• _PROBLEM DETAILS_: Copy exactly. Begin at the line containing "Soigner son animal" and stop at the last line of the entries, omitting any pictures.

• _SUPPLIED RECORDS_:
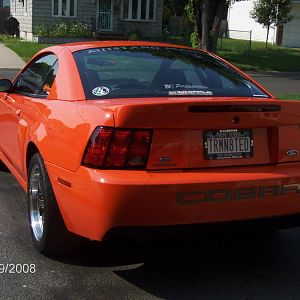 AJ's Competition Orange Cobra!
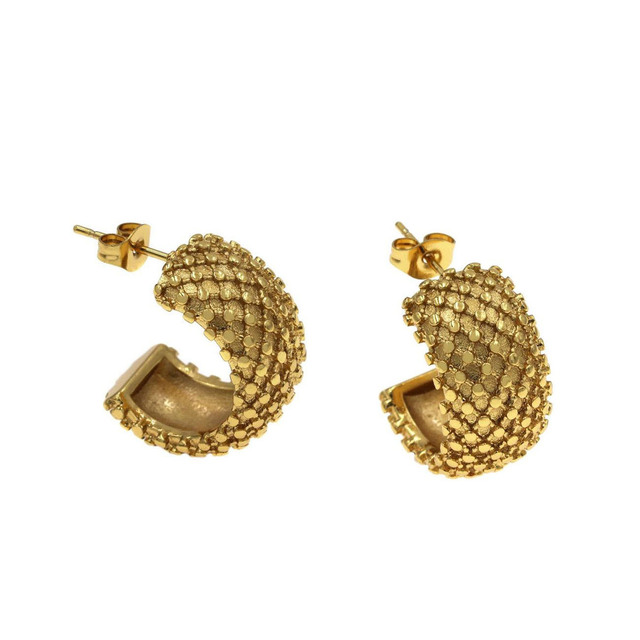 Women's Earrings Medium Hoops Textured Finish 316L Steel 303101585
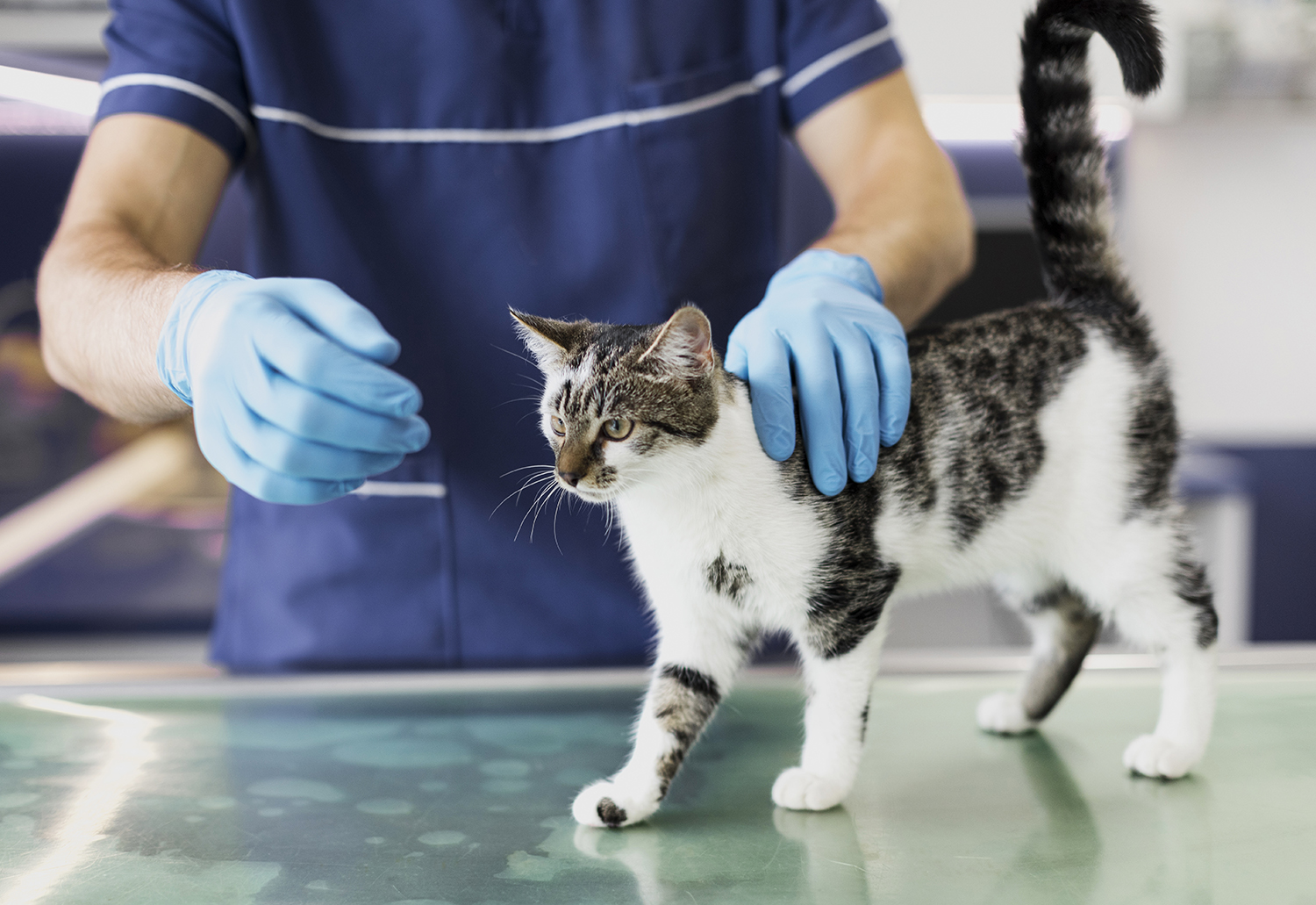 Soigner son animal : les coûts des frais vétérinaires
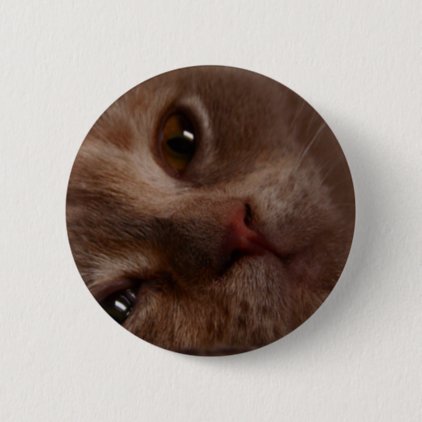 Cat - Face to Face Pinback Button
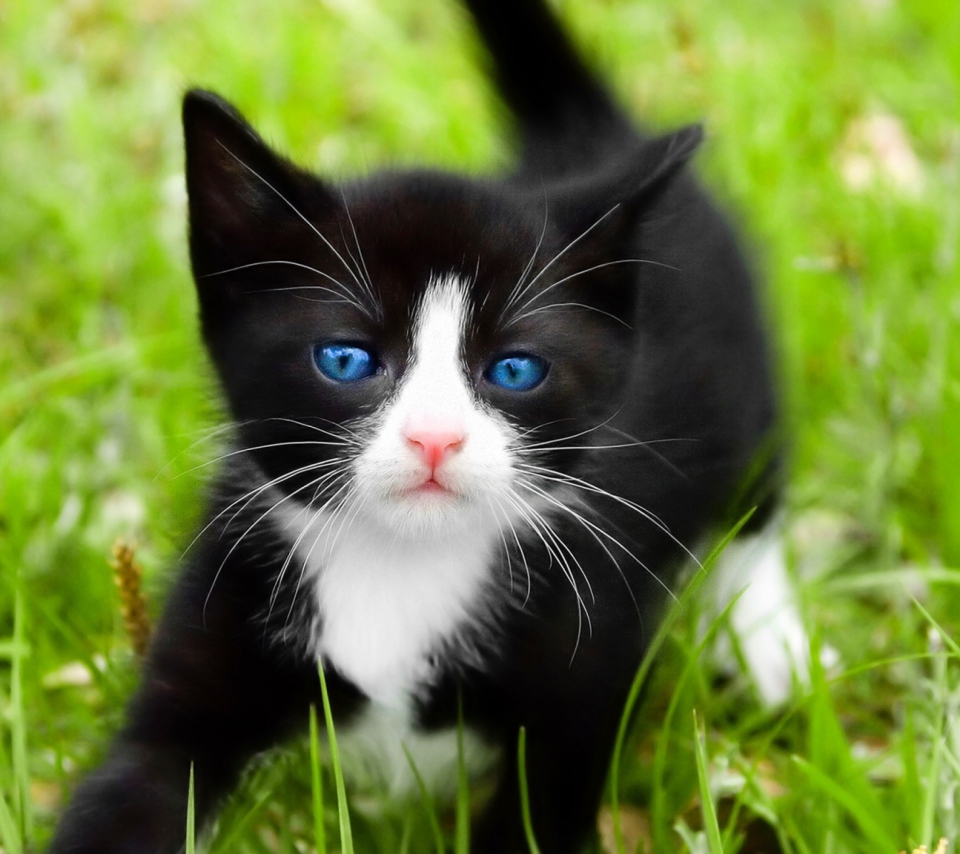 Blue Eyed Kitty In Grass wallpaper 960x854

• _REPLY_:
 Soigner son animal : les coûts des frais vétérinaires
 Cat - Face to Face Pinback Button
 Blue Eyed Kitty In Grass wallpaper 960x854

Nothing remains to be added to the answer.